Сколько было тиранов, пытавшихся сломить его! Сколько правителей жаждало обуздать своих подданных, низведя их до уровня простых, безмозглых орудий выгоды и наживы! Они крадут любовь, они крадут веру своего народа, они хотели бы украсть дух.

В конечном итоге они, безусловно, терпят крах. Я должен верить в это. Если пламя свечи, что зовется духом, погашено, существует только смерть, и тирану нечем поживиться, в царстве, усеянном трупами.

Но пламя духа - вещь текучая, порывистая и неукротимая. Дух жертвы иногда оказывается более живучим, чем его гонитель.

Где же тогда был Закнафейн – мой отец, – когда отправился в путь, чтобы убить меня? Где был я сам в годы одиночества в дебрях, когда охотник, которым я стал, ослеплял мое сердце и часто, вопреки велениям моего рассудка, направлял мою руку, вооруженную саблей?

Я пришел к мысли, что мы – и я, и мой отец – никуда не девались, наша подлинная сущность иногда бывала неразличима, но никогда не исчезала бесследно.

Дух. В любом языке, во всех Королевствах, на поверхности и в Подземье, в любое время и в любом месте это слово несет отзвук, силы и решимости. Это сила героя, жизнерадостность матери и доспехи бедняка. Это не может быть сломлено, это не может быть отнято.

Я должен верить в это.

Скиталец

Оно сжигало мои глаза и причиняло боль каждой клетке моего тела. Оно уничтожило мой пивафви и мои сапоги, лишило магической силы доспехи и ослабило мощь верных сабель. И все-таки каждый день я непременно приходил туда, садился на выступ скалы, как на скамью подсудимых, и ждал восхода солнца.

Каждый раз оно действовало на меня странным образом. Несмотря на острую боль в глазах, я не мог не восхищаться красотой этого зрелища. Краски мира перед самым появлением солнца захватывали мою душу. Подобного чувства не вызывали у меня никакие тепловые узоры Подземья. Сначала я думал, что эта восторженность порождена необычностью картины, но даже сейчас, много лет спустя, мое сердце вздрагивает с первым проблеском, возвещающим приход зари.
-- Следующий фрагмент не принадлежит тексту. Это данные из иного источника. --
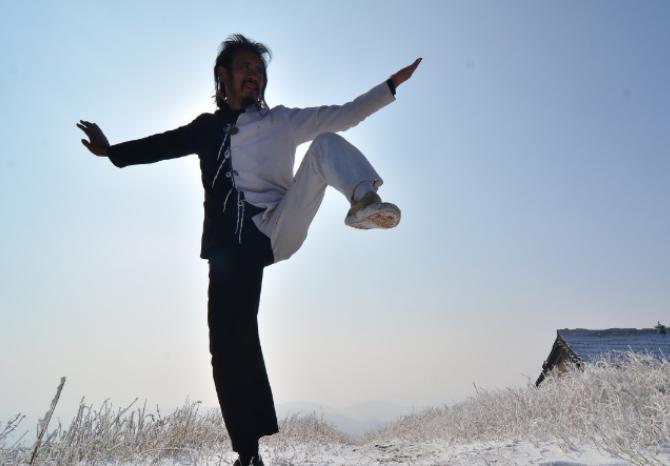 山东一位道长坚信龙真实存在，并上山寻龙16年，至今仍在山上坚持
Теперь я понимаю, что наблюдение за солнцем, мое ежедневное наказание, было больше чем простым желанием привыкнуть к образу жизни на поверхности.

Солнце стало символом различия между Подземьем и моим новым домом. Общество, из которого мне пришлось бежать, мир тайных сделок и предательских заговоров, не могло бы существовать на открытых, пространствах при свете дня.

Вопреки всем причиненным мне физическим страданиям, солнце стало символом моего отречения от другого, темного мира. Кучи этого разоблачительного света укрепили мои убеждения в той же мере, в какой ослабили действие волшебных предметов, сделанных дроу.

При свете солнца пивафви – защитный плащ, обманывающий пытливые глаза, одежда воров и убийц, – стал всего лишь жалкими бесполезными лохмотьями.